Why The Sierras Are So Stressed-Out: 
The Effect of Long Valley Caldera 
Inflation On Faulting in the Sierra Nevada
Authors: Higbee, P.*, Bürgmann, R.*, Owen, S.E.**, Dreger, D.*
phigbee@seismo.berkeley.edu, burgmann@seismo.berkeley.edu, owen@terra.usc.edu, dreger@seismo.berkeley.edu
* Geology and Geophysics Dept, University of California, Berkeley, CA 94720 
** Earth Sciences Department, University of Southern California, Los Angeles, CA 90089
 
Abstract
Since 1978, an area located in the Sierra Nevada south of Long Valley Caldera, California, (here in called the Hilton Block) has been one of the most seismically active regions in California. The patterns of recent earthquake ruptures suggest previously unrecognized faults with north-south trending, sinistral strike-slip kinematics that are unusual with respect to the regional kinematics of the Walker Lane-Eastern California Shear Zone and the Basin and Range. Earthquake focal mechanisms, the spatial and temporal distribution of microseismicity, and preliminary investigation of surface lineations due to youthful crustal fracturing indicate that the Hilton Block is being faulted by a set of 3-5 NNE trending, sinistral strike-slip faults. These faults are bounded to the N by a NW trending dextral fault at the southern edge of Long Valley Caldera. The geometry of ruptures in the Hilton Block may be a consequence of the interaction between the inflation of the Long Valley magma chamber, regional Basin and Range strain, and pre-existing structural weaknesses.
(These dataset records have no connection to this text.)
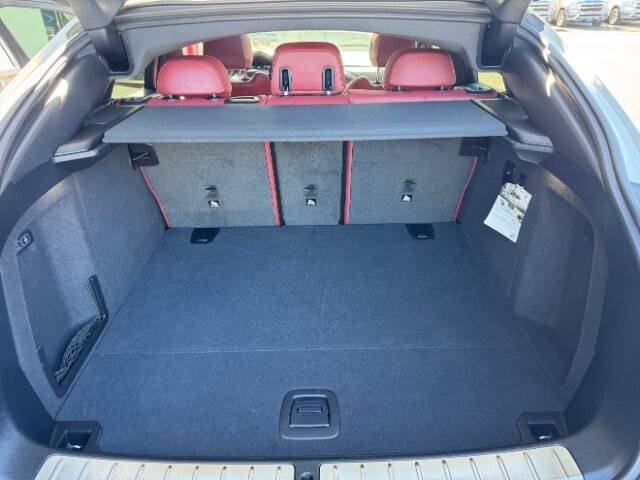 2024 BMW X4 xDrive30i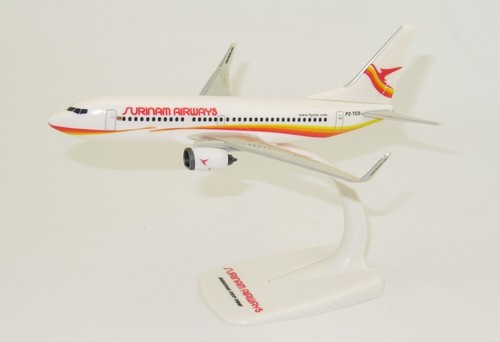 Surinamboeing 737 700 scala - 737-700,
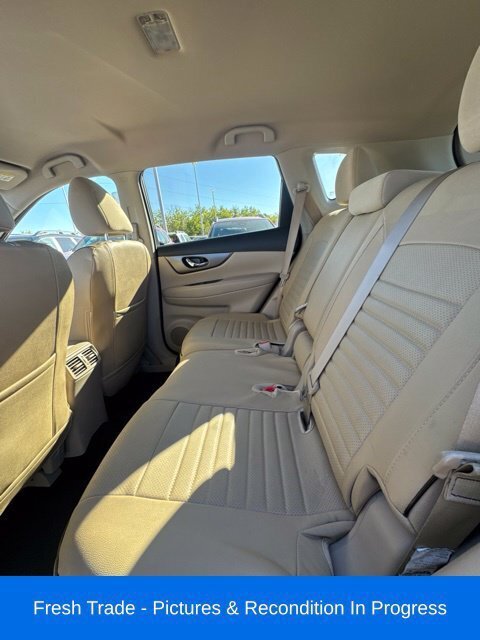 Used 2016 Nissan Rogue S w/ Appearance Package AWD/4WD image 18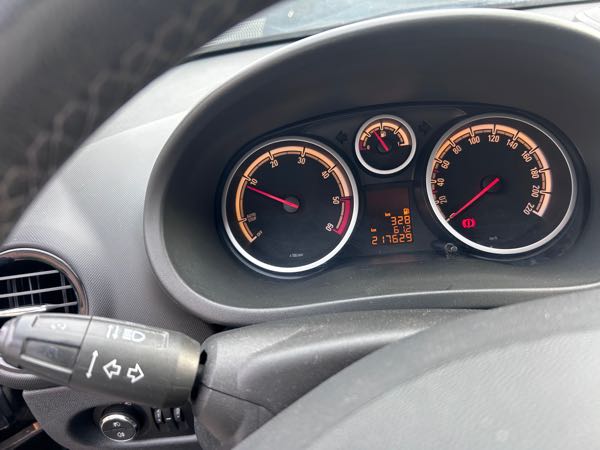 Opel Astra IV 1.3 CDTI 95 FAP CONNECT PACK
We evaluate the effects of these deformation sources on the Hilton Block faults with 3D boundary element models in an elastic half-space. We focus our studies on the unusual faulting patterns and high rate of seismicity, which may be attributed to the effects of induced stresses from recurring magmatic intrusions in the Long Valley Caldera, in conjunction with Basin and Range stresses acting on a pre-existing NNE-oriented fracture systems in the eastern Sierra Nevada

 

What is the story?

Temporal and spatial distribution of seismic events south of the Long Valley Caldera indicate a correlation between caldera inflation and seismic activity in the Hilton Block.

Spatial distributions of seismic events within the Hilton Block indicate at least 3 distinct NNE trending fault structures and 2 WNW trending lineations.
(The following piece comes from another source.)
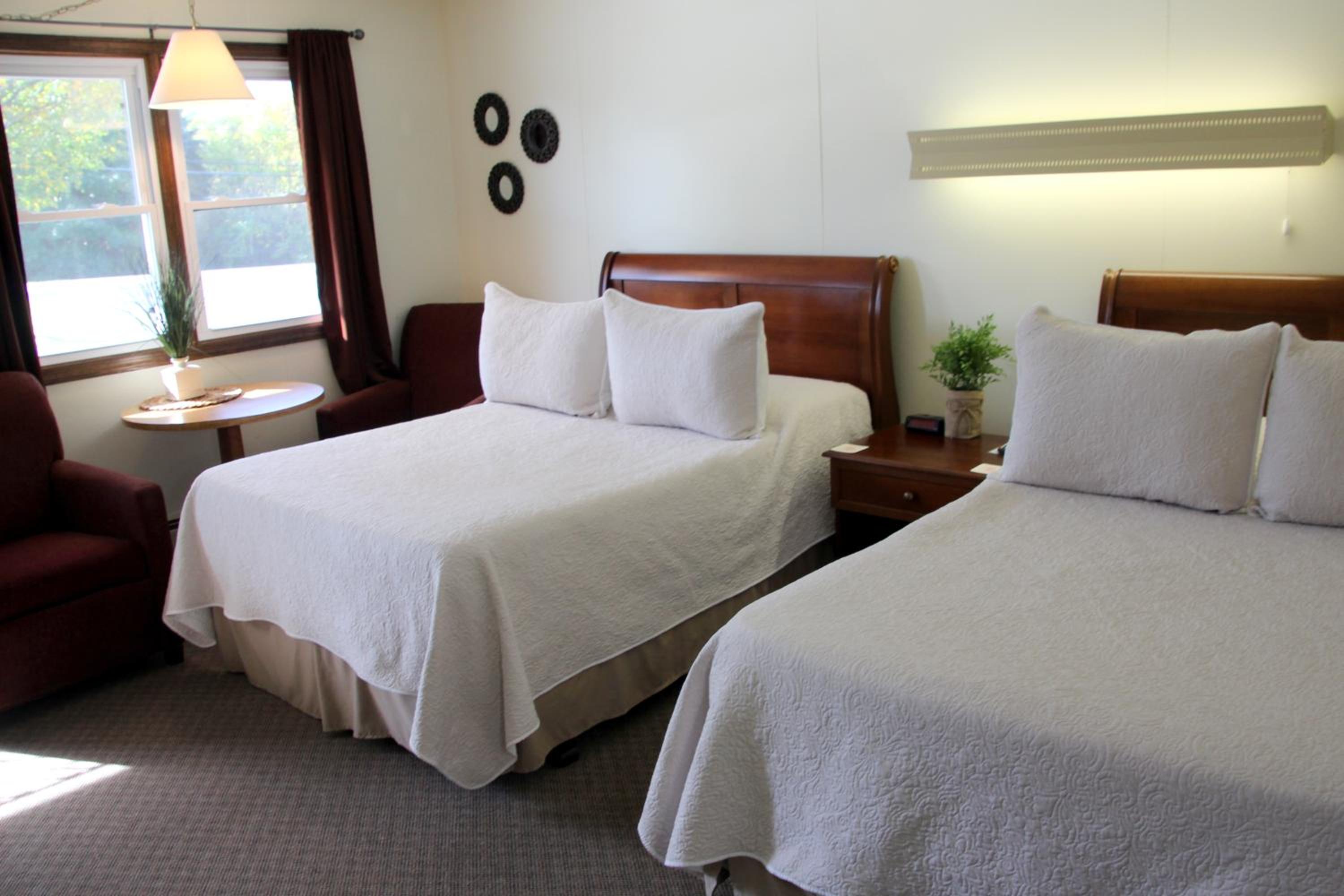 All Seasons Inn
Focal mechanisms indicate sinistral motions on the NNE-striking seismic lineaments, whereas the regional tectonics would suggest Basin and Range normal faulting and/or right-lateral faulting along the Eastern California Shear Zone

Hilton Block seismic events and aftershocks do not occur on the Hilton Creek Fault nor the Laurel-Convict Fault, the major NW trending normal fault structures in this region of the Sierras.

The 1997 inflationary period within the caldera appears to have distributed strain to the Hilton Block via a right-lateral lineation and then further south along the Whisky Creek Fault, producing normal and left-lateral motions.